▶ **WORK REQUEST**: Each line, starting at the one with "Elternschlafzimmer im Blockhaus" and running to the end of the data below, is to be set down again exactly, both ends included; leave pictures out.
[[ MATERIAL PROVIDED open ]]
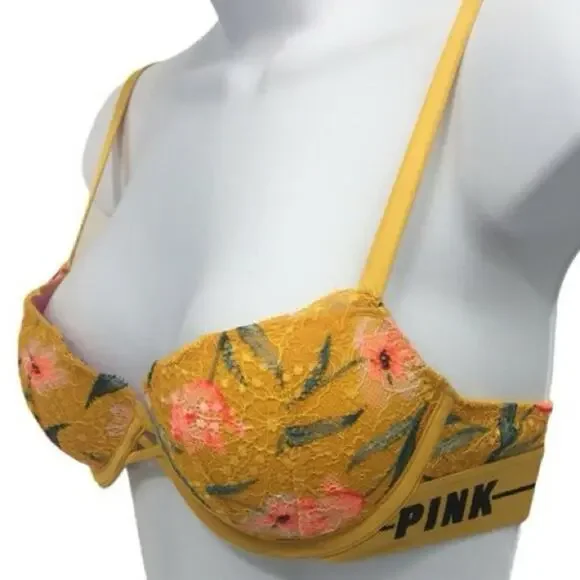 Victoria's Secret PINK Date Push Up Padded Yellow Floral Bra 34C - Picture 7 of 10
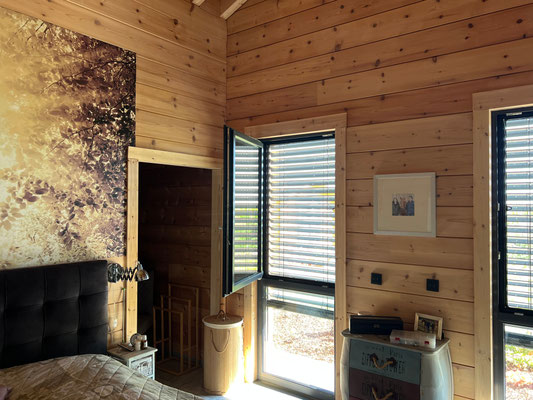 Elternschlafzimmer im Blockhaus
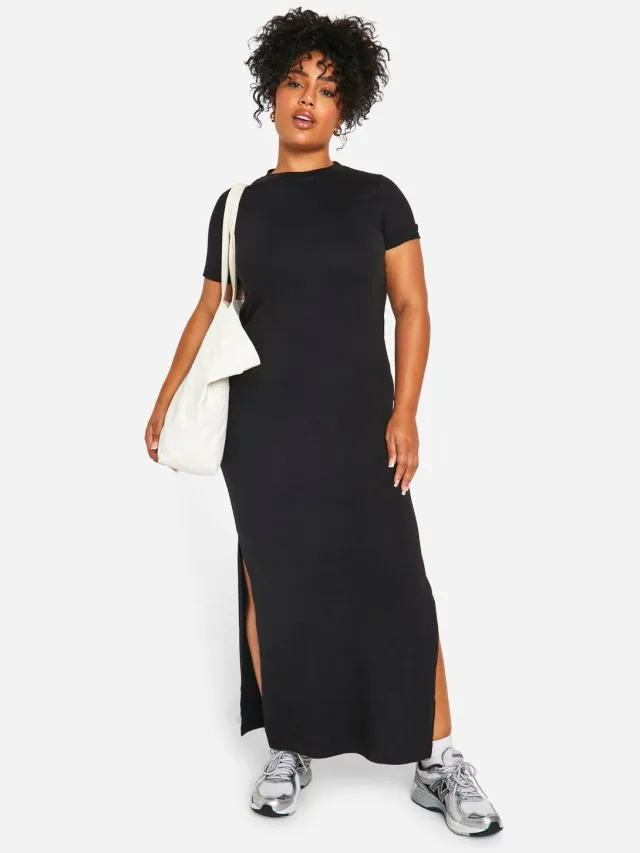 boohoo Dames Plus T-shirt Maxi Jurk Zwart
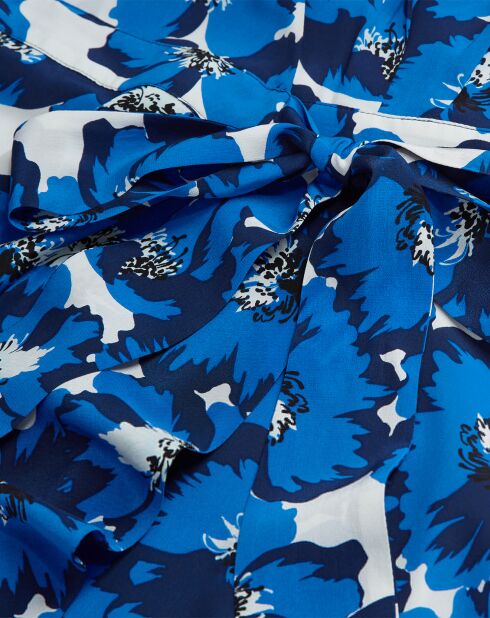Robe 100% Soie portefeuille longue imprimée bleue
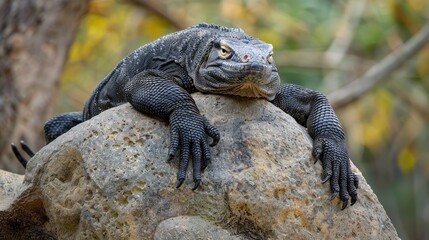 Monitor lizard basking on a rock to keep warm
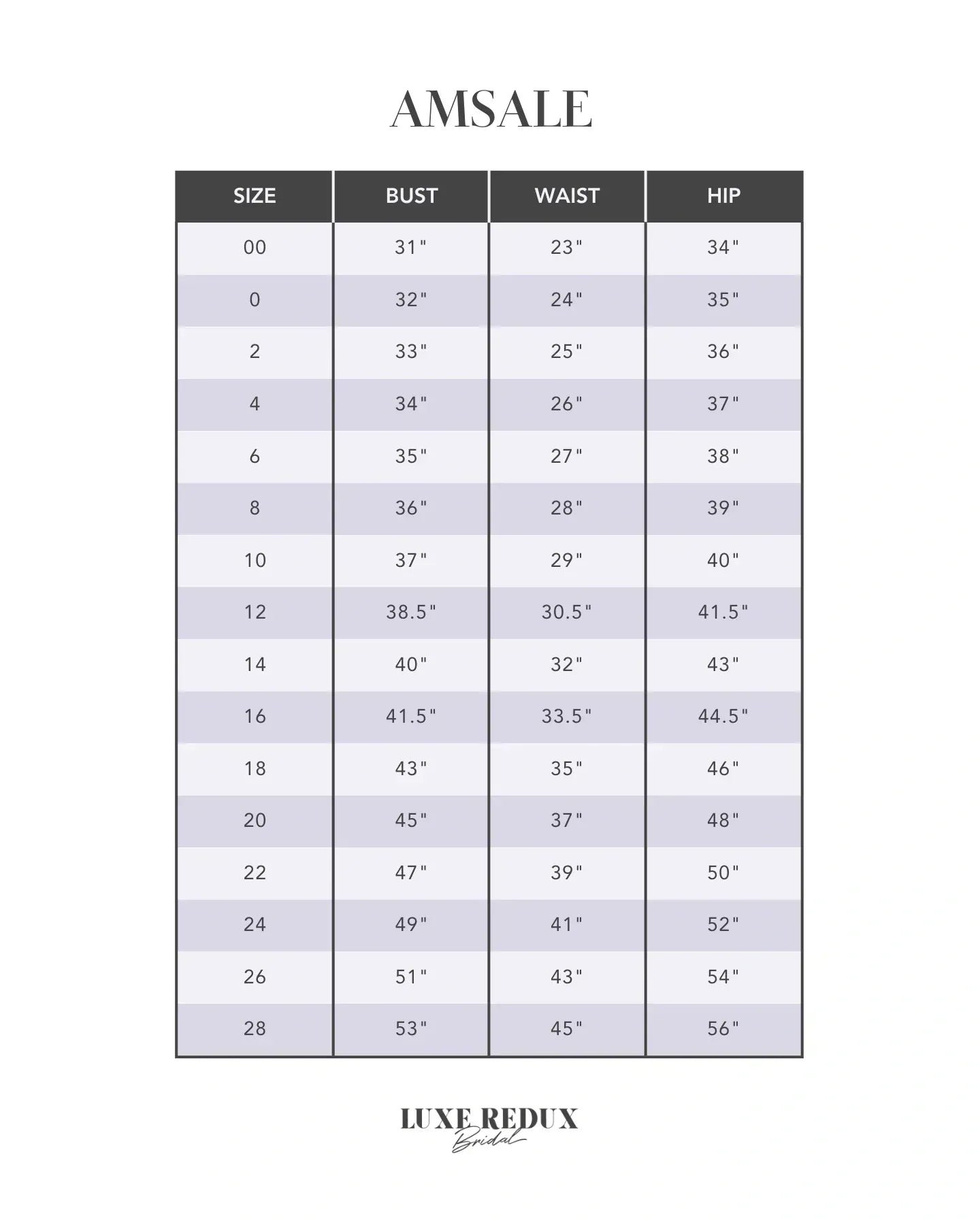 Nouvelle Amsale Elodie R455L - Size 14 Size Chart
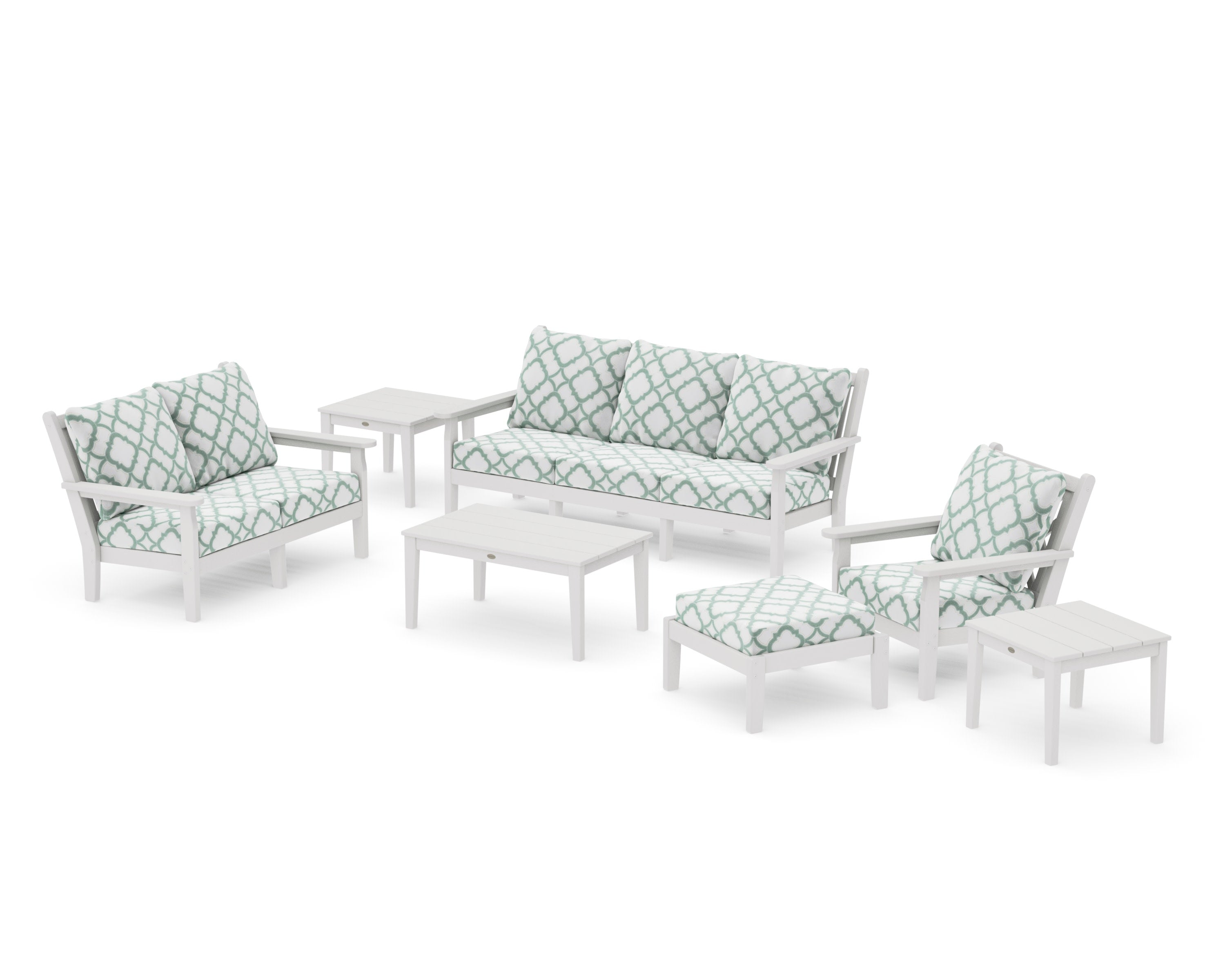 Chippendale 7-Piece Deep Seating Set in Vintage White / Trellis Glacier Spa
[[ MATERIAL PROVIDED closed ]]
▶ **COMPLETED TASK**:
 Elternschlafzimmer im Blockhaus
 boohoo Dames Plus T-shirt Maxi Jurk Zwart
Robe 100% Soie portefeuille longue imprimée bleue
 Monitor lizard basking on a rock to keep warm
 Nouvelle Amsale Elodie R455L - Size 14 Size Chart
 Chippendale 7-Piece Deep Seating Set in Vintage White / Trellis Glacier Spa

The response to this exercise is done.